* **PROBLEM REQUIREMENTS**
Omit images. Retype all entries verbatim.

* **MATERIAL FOR THIS EXERCISE**
.....

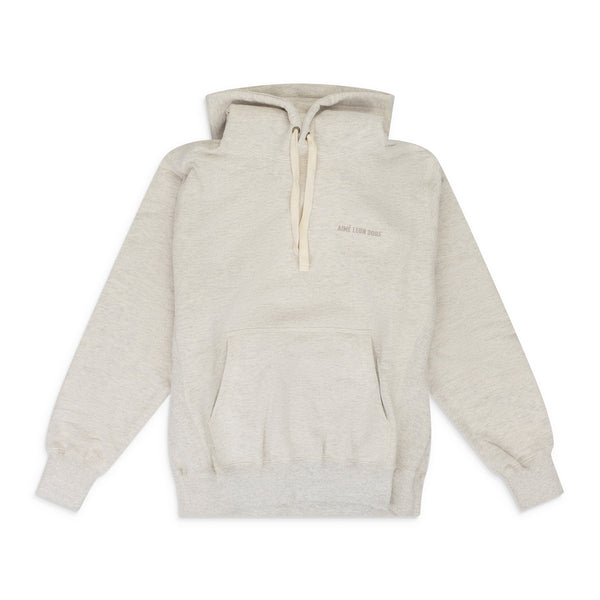 Oatmeal Tonal Logo Hoodie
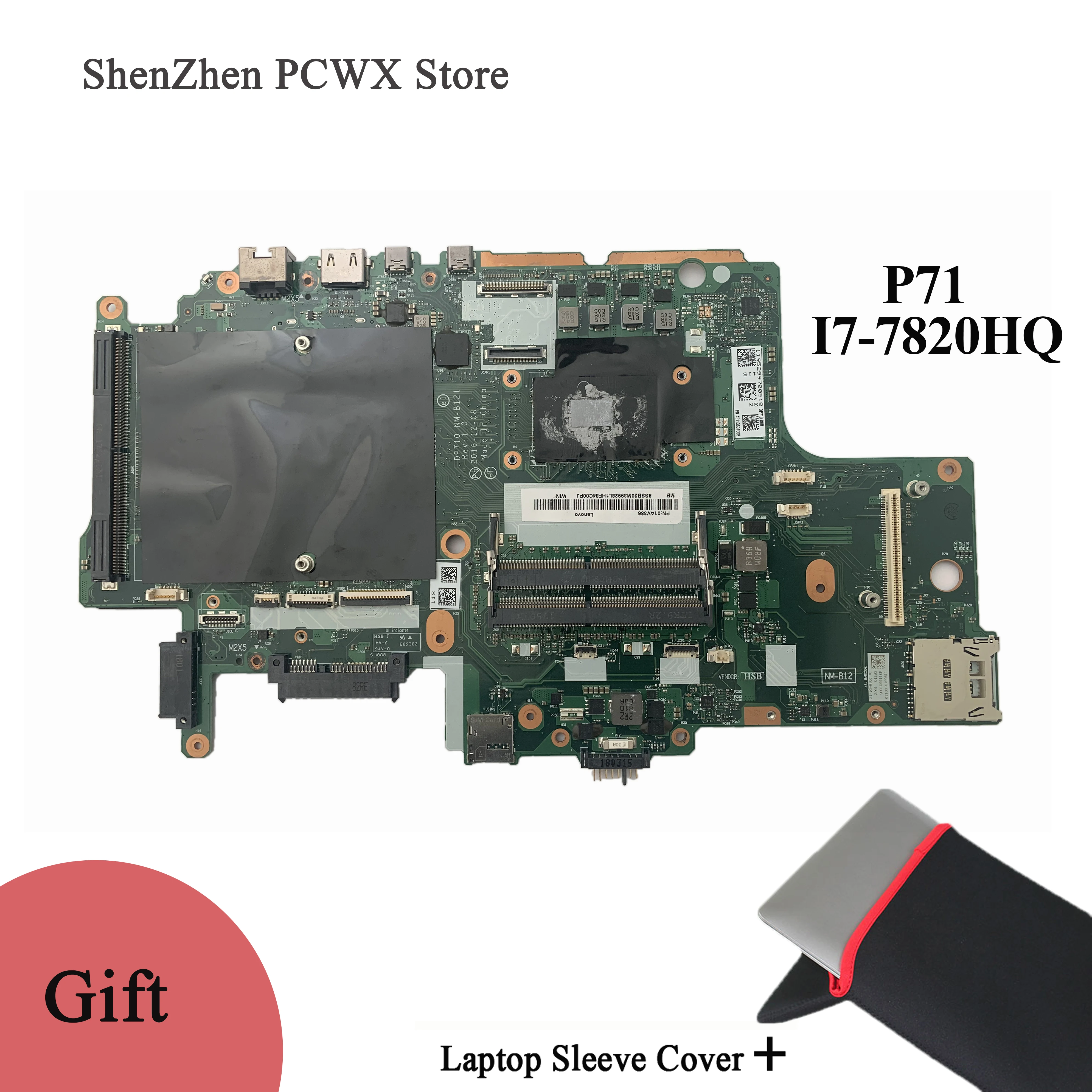 Материнская плата для ноутбука Lenovo thinkpad P71 с ЦП DP710 01AV386 комплектом Tesed материнская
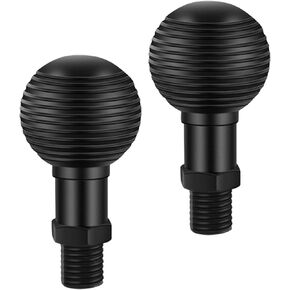 2PC 1" Ball Mount Adapter Aluminum alloy with M10 x 1.25 Pitch Compatible with RAM Mounts B Size Double Socket Arm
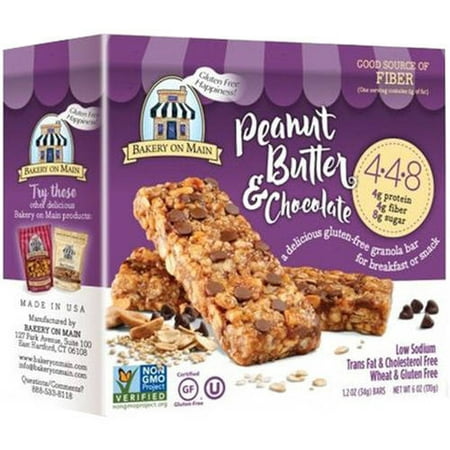 Bakery On Main Chocolate Peanut Butter Granola Bar, 6 oz, (Pack of (Best Way To Mail Chocolate)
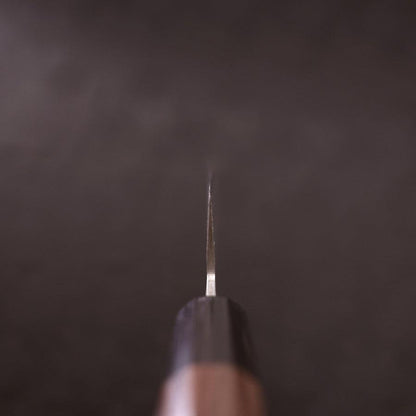 Santoku Stainless Clad Blue Super Polished Shitan Handle 170mm-[Musashi]-[Japanese-Kitchen-Knives]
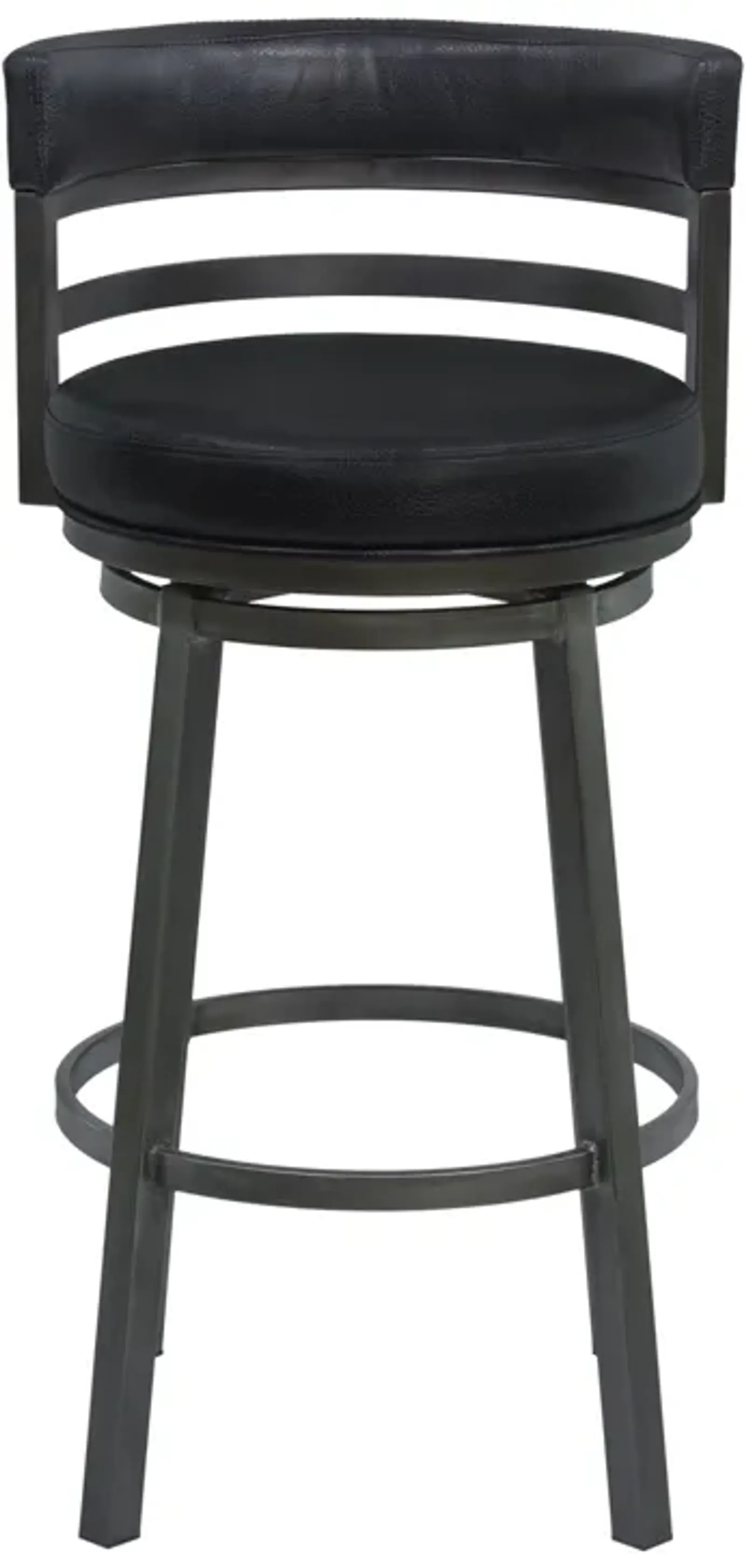 Titana 30" Bar Height Metal Swivel Barstool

.....

* **ANSWER SPACE**
 Oatmeal Tonal Logo Hoodie
 Материнская плата для ноутбука Lenovo thinkpad P71 с ЦП DP710 01AV386 комплектом Tesed материнская
 2PC 1" Ball Mount Adapter Aluminum alloy with M10 x 1.25 Pitch Compatible with RAM Mounts B Size Double Socket Arm
 Bakery On Main Chocolate Peanut Butter Granola Bar, 6 oz, (Pack of (Best Way To Mail Chocolate)
 Santoku Stainless Clad Blue Super Polished Shitan Handle 170mm-[Musashi]-[Japanese-Kitchen-Knives]
 Titana 30" Bar Height Metal Swivel Barstool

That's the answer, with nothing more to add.